→ **Required work**
When the line containing "The Milepost 2026: Alaska Travel Planner" is found in the data below, copy it and each line after it through the line containing "the-top-female-fashion-bloggers-over-50", exactly and with no others.

Records from a data collection:

_____

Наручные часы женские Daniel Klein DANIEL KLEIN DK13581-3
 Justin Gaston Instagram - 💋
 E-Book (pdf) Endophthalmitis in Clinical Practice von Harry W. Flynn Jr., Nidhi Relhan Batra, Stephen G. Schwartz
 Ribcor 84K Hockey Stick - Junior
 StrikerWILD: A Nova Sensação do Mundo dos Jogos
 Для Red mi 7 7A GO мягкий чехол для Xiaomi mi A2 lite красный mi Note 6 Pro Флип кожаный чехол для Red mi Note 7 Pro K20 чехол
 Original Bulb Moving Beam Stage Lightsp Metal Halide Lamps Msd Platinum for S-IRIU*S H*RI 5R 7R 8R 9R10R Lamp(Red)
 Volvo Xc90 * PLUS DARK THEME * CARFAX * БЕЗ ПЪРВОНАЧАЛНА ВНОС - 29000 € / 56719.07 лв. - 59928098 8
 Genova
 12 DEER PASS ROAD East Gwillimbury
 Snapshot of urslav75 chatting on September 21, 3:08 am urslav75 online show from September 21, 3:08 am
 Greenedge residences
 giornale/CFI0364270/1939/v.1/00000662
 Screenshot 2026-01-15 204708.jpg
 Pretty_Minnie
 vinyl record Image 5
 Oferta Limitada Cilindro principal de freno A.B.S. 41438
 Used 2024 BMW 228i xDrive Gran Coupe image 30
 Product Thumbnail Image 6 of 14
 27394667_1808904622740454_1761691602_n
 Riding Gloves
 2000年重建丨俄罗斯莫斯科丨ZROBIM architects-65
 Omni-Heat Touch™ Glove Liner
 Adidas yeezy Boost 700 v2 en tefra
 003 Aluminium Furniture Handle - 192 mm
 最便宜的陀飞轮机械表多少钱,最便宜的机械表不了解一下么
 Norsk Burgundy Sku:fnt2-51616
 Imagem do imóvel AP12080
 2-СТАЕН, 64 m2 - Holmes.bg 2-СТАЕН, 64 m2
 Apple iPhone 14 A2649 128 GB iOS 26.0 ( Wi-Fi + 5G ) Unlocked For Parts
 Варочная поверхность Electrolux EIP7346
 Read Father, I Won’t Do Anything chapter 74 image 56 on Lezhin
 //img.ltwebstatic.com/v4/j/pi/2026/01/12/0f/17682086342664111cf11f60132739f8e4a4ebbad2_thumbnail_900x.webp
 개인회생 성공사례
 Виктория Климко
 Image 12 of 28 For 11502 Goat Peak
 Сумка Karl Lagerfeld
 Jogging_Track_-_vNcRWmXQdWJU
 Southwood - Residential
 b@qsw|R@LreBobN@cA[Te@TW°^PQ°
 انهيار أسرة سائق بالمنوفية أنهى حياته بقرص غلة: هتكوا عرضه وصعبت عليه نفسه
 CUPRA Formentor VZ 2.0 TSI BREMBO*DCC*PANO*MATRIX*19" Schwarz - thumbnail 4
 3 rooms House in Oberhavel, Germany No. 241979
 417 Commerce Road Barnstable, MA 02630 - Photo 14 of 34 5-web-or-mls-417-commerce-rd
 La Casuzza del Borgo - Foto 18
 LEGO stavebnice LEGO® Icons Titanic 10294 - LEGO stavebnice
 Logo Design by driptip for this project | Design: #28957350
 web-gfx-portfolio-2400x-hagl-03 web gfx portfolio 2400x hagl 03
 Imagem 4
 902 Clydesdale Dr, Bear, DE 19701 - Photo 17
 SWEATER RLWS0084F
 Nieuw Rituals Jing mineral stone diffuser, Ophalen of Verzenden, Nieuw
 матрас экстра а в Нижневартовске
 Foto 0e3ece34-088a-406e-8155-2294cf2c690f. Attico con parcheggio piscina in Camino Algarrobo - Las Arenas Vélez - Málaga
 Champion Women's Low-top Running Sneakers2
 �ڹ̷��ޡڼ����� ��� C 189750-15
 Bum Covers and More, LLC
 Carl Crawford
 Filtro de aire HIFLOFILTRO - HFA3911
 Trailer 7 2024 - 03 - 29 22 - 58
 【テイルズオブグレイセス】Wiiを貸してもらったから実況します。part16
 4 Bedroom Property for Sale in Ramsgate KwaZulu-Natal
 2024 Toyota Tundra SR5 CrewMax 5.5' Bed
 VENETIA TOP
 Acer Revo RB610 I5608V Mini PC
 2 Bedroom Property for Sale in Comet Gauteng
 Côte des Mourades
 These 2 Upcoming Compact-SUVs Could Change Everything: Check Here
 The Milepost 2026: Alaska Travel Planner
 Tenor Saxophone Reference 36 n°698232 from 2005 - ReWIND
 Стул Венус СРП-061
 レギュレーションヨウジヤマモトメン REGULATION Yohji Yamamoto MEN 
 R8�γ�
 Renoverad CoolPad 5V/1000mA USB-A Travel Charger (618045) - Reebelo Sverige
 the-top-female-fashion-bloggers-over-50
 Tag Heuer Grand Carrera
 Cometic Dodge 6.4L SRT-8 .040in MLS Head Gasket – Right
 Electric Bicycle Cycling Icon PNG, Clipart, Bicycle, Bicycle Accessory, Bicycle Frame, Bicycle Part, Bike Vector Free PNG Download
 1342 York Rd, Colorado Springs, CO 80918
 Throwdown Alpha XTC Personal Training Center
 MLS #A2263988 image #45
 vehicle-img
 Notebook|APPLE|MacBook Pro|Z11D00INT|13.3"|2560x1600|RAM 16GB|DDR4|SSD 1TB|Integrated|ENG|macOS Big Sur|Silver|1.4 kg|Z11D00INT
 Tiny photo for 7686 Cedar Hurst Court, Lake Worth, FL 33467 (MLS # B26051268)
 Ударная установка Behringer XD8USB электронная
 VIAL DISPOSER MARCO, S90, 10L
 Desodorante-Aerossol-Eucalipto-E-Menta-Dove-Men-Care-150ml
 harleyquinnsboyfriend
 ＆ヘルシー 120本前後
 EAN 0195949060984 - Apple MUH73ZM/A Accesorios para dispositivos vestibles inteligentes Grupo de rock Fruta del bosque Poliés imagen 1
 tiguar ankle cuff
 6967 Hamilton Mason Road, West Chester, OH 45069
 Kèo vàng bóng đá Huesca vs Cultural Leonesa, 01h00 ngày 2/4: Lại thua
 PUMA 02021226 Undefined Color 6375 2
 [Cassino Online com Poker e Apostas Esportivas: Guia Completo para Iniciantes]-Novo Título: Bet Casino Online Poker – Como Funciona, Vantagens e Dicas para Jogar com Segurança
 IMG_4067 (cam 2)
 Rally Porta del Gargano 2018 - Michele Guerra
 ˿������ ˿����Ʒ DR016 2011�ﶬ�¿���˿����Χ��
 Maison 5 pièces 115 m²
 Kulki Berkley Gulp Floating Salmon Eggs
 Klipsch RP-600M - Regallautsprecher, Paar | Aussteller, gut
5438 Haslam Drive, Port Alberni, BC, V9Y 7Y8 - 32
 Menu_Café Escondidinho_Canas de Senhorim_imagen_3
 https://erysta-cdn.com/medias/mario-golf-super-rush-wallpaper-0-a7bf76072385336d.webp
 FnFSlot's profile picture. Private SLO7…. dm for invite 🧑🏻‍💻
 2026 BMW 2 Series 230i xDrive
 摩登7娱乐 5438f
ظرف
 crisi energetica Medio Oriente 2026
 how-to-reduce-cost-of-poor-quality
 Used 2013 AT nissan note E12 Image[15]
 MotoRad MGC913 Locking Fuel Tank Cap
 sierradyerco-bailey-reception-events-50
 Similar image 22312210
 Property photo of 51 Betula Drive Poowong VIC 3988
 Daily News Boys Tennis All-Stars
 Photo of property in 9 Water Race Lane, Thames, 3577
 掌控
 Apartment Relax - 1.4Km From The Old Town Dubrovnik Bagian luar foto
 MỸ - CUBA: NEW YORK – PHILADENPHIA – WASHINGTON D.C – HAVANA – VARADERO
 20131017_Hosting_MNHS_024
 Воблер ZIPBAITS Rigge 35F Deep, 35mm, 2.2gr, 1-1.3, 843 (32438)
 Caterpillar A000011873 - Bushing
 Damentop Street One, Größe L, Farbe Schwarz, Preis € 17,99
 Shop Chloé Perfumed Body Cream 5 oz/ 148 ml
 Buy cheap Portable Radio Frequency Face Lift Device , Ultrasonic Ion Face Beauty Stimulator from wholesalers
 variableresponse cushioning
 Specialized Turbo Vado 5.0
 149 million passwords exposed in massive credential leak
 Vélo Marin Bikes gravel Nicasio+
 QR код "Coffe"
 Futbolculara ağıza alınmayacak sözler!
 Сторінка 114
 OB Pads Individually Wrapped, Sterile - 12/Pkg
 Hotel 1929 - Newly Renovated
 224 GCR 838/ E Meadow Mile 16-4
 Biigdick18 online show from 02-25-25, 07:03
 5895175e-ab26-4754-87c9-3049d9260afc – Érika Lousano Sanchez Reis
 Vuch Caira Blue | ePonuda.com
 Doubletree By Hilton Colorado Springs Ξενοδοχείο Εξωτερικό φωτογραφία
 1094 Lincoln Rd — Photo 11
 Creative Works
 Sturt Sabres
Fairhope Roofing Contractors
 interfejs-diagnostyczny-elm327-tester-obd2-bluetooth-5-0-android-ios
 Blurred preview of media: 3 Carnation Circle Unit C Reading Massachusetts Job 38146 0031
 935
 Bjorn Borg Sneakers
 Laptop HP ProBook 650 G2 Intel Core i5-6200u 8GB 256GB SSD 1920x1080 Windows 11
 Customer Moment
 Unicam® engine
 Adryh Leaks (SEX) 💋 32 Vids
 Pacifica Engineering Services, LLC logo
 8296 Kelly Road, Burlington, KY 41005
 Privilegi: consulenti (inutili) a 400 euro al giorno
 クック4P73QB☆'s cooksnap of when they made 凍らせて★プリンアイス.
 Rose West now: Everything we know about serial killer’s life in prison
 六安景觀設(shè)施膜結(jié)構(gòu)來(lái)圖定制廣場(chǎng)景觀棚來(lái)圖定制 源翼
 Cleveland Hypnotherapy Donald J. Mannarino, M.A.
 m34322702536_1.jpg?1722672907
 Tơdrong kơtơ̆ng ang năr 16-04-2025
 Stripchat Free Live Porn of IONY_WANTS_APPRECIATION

_____

→ **Output of the exercise**
 The Milepost 2026: Alaska Travel Planner
 Tenor Saxophone Reference 36 n°698232 from 2005 - ReWIND
 Стул Венус СРП-061
 レギュレーションヨウジヤマモトメン REGULATION Yohji Yamamoto MEN 
 R8�γ�
 Renoverad CoolPad 5V/1000mA USB-A Travel Charger (618045) - Reebelo Sverige
 the-top-female-fashion-bloggers-over-50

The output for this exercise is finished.